* _The data_:
_ _ _

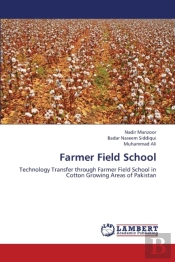 Farmer Field School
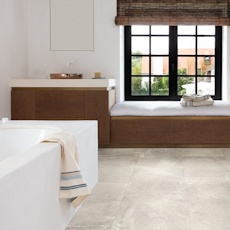 Кварцвинил Moduleo Layred Cir 55 Luzerna 46229R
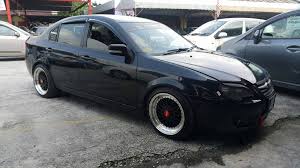 Maybe you would like to learn more about one of these? Kereta Terpakai Murah Kl Facebook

_ _ _

Repeat every line above exactly, minus the pictures.

* _Output of the exercise_:
 Farmer Field School
 Кварцвинил Moduleo Layred Cir 55 Luzerna 46229R
 Maybe you would like to learn more about one of these? Kereta Terpakai Murah Kl Facebook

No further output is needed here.